What About Heywood and Middleton

Labour has held the parliamentary seat of Heywood & Middleton, located historically in Lancashire.
I grew up in Lancashire, in the last days of powerful working-class protestant Toryisn. The Borough of Darwen, before its incorporation into Blackburn, was pretty solidly Tory because it was working class and protestant. Nobody works as hard, or as repetitiously, now as the majority of men and women did only fifty years ago. Darwen parish registers show whole pages of marriages between men who are described as 'Collier' and women who are either 'Weaver' or 'Spinner' [to differentiate workers in spinning mills from soft southern non-employed women who could be decribed as 'Spinsters'. The working class that I knew has effectively been abolished. Similarly the identification of more than 80% of the population as affilliates of this or that chrch or chapel is absolutely a thing of the past, with Muslims the largest active religious group.

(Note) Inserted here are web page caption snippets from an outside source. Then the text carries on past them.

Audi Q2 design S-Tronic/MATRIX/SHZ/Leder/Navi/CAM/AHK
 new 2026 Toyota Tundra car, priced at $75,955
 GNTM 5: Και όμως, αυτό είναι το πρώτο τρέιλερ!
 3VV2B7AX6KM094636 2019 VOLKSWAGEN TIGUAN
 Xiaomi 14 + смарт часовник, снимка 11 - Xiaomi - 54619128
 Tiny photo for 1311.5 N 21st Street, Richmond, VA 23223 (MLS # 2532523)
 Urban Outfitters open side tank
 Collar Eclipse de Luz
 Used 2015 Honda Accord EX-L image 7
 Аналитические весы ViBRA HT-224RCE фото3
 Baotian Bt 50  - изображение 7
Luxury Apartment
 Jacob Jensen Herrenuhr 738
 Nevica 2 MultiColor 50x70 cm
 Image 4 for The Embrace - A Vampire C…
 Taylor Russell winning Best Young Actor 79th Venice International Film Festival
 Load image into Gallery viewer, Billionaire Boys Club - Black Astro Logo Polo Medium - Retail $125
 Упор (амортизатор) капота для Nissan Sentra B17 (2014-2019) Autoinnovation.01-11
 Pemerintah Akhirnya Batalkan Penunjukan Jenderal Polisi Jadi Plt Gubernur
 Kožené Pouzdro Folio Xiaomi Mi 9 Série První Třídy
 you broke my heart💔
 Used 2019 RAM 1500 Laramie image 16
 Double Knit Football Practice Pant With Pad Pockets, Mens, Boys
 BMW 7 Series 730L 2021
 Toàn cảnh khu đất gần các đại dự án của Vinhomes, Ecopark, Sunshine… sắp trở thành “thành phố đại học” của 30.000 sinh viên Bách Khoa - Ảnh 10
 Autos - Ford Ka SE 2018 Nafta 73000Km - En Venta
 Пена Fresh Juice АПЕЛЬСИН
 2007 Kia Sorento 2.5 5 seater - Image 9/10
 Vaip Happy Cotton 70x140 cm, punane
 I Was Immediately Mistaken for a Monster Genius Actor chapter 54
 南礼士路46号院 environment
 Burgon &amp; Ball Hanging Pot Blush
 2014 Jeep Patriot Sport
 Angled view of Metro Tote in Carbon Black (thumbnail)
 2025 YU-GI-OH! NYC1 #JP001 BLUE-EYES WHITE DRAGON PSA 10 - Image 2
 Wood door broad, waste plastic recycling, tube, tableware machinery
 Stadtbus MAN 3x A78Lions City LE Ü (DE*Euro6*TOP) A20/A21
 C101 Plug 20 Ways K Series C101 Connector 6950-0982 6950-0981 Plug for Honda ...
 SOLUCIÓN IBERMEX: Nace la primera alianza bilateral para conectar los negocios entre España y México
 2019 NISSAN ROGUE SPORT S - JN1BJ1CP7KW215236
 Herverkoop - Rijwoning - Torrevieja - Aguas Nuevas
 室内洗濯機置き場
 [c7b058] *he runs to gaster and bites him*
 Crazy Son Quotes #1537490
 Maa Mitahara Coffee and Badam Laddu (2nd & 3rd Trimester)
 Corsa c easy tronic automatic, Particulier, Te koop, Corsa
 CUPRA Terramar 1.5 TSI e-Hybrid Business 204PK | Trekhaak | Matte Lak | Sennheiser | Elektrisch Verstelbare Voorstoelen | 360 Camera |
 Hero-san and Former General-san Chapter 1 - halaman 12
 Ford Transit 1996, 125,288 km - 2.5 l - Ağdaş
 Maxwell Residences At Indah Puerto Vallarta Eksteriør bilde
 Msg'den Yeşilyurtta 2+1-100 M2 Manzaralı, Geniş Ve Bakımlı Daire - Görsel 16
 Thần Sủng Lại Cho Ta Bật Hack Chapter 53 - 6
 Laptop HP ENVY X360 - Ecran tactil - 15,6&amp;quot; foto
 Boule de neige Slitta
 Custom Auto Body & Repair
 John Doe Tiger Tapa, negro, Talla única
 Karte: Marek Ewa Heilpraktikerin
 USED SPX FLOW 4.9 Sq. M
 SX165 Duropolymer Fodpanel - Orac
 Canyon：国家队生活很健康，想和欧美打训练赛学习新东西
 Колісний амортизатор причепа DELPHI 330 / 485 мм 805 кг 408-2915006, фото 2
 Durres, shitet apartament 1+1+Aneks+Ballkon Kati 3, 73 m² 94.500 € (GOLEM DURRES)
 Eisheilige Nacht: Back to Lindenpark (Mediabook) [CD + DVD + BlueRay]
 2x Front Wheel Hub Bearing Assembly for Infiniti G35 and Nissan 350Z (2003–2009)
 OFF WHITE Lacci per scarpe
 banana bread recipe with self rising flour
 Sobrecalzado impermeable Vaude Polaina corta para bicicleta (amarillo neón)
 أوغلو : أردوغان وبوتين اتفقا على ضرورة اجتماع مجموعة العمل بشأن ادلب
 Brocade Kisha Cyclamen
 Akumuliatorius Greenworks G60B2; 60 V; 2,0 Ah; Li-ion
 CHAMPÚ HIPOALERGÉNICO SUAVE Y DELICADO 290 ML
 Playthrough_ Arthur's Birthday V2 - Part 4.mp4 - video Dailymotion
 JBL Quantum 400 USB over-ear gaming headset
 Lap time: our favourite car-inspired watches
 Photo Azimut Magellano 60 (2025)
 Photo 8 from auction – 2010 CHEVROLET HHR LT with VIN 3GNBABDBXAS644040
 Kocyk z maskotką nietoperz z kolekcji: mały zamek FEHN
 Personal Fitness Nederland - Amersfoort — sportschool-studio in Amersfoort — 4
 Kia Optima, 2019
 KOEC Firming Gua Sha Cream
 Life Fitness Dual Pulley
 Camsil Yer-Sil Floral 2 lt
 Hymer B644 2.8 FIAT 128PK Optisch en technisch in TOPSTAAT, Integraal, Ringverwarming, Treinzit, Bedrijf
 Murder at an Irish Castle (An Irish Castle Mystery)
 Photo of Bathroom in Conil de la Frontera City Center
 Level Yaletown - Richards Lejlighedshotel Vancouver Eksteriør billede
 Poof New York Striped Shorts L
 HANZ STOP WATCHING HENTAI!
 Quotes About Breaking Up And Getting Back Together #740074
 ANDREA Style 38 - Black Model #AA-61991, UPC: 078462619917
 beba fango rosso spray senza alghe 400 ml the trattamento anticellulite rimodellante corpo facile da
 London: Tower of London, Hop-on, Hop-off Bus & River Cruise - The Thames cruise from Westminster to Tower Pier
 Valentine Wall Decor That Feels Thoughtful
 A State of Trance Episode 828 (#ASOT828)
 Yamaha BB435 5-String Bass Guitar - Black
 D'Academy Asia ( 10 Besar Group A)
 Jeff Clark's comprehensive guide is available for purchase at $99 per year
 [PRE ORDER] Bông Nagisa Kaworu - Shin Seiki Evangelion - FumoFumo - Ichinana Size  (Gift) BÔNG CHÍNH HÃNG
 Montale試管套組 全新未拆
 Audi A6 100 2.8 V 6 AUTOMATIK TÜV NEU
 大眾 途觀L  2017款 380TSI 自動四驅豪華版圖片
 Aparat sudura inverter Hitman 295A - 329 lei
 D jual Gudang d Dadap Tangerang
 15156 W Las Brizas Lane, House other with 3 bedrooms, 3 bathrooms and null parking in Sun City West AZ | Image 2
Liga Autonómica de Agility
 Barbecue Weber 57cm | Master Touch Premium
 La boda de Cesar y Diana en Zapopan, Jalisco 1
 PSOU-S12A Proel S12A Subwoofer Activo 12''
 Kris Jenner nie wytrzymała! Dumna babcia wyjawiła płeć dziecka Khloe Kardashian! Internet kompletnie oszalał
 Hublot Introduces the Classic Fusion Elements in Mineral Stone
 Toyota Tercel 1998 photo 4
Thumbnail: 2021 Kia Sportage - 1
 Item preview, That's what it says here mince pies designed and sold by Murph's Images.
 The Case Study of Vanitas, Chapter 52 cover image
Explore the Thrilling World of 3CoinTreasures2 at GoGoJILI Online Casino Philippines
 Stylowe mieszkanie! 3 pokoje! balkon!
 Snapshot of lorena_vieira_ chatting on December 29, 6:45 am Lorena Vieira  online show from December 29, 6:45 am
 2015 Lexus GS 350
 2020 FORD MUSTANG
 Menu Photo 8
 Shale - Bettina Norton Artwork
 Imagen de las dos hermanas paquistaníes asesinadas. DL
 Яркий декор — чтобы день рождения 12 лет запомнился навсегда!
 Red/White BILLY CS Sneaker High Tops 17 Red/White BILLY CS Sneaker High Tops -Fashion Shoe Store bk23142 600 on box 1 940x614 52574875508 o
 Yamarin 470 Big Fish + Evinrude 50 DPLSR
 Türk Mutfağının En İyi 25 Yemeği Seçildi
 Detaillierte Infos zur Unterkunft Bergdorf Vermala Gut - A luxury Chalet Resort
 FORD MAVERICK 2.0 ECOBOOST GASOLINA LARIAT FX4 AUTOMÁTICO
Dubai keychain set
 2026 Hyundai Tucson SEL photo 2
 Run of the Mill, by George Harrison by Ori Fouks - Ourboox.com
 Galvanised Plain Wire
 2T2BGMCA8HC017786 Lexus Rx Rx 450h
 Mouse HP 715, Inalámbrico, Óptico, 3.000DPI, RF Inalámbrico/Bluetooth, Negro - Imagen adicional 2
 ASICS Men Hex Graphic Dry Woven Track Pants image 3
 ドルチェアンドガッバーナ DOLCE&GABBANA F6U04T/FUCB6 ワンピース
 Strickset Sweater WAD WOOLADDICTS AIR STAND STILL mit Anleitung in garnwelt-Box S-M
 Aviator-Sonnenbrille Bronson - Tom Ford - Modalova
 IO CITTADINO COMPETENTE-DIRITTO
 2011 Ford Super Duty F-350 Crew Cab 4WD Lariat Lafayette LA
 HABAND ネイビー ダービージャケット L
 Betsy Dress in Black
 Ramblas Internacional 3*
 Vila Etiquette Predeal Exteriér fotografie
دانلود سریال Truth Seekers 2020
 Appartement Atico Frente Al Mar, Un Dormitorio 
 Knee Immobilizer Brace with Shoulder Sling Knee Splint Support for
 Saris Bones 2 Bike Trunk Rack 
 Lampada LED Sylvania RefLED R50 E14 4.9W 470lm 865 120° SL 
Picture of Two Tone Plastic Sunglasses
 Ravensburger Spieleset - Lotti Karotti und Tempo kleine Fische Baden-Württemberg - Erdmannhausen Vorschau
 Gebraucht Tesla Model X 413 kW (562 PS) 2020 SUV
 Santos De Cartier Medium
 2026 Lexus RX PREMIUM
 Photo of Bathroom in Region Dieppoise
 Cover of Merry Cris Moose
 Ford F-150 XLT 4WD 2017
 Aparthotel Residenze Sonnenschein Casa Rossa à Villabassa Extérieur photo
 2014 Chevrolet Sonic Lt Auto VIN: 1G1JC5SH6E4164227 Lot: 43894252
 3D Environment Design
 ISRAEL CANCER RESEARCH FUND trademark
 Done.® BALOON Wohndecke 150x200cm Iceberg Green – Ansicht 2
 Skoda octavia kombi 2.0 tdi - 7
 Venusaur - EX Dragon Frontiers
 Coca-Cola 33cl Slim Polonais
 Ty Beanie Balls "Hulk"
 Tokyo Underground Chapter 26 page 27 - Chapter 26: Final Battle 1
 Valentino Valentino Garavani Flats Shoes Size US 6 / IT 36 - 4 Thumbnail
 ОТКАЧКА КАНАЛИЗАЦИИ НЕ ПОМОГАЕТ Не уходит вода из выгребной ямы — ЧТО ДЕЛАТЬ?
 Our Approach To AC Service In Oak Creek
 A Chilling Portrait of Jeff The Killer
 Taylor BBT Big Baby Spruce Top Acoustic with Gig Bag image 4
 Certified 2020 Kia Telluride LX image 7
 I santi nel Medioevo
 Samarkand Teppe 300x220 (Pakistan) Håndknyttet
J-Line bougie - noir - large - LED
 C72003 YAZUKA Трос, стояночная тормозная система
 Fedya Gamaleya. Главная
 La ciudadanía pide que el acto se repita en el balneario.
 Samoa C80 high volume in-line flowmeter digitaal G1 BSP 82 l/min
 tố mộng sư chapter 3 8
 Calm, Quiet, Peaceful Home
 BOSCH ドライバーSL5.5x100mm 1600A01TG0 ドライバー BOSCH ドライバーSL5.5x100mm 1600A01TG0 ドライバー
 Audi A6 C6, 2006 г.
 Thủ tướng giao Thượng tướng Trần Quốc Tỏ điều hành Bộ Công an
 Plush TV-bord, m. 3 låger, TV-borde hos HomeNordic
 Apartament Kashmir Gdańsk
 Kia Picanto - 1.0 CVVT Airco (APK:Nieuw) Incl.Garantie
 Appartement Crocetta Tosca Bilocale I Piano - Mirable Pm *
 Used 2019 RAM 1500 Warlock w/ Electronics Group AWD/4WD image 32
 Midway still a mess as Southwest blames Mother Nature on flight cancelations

From the 1950 General Election until now the slowly-declining Tory party competed with Labour - which first emerged as a credible party of government only in 1945 - to bribe the electorate with competing packages of handouts. Thus the two parties divided office between themselves over the years: until the stalemate that resulted from the General Election of 2010,

Since 2010 the awfulness of both 'major' parties [and the unspeakable shuffling of the LibDems] brought disillusion with politics to a new peak. Labour and Conservatives are both planning to run their next election campaign on the basis of what they can give away; mitigated by scarcely-credible 'plans' to pay for the handouts. The phenomenon of 'economic growth' means an increase in total spending in the economy: Osborne has achieved the fastest growth in the developed world simply by increasing government spending and borrowing, and mainintaining conditions in which people individually borrow ever more [both for house purchases and lifestyle spending]. To compound those follies the balance-of-payments remain seriously in deficit, adding external debt to the burden that has fallen on the state.

If a vote for 'none of the above' could make a significant difference to politics, people would take it. Now it looks as if UKIP is better than nothing. But they are not just attracting protest votes: they are tapping again the deep roots of working-class conservatism, and also at the roots of pristine Disraelian conservatism. The cross-party politician Winston Churchill was anything but a Little Englander: he offered union to France in 1940, and looked forward to a European Union. But the true blue Tory would have nothing of Catholic Socialist Europe, and Old Labour were nationalists [as Foreign Secretary in the Attlee government, Earnest Bevin described himself as " friend of the jolly old Empire"]. Ukip much better meets these two traditions than any other party; and its leader's habits chime in wiith both old working-class and true tory behaviour.

The clever spin doctors and professional politicians still think in terms of swing between two establishment parties, with decision being taken on the Manifestos on the basis of handing different packs of goodies to the despised, alien hoi-polloi. Ukip meets a historical trend, which could overwhelm the entire system; just seven months from now.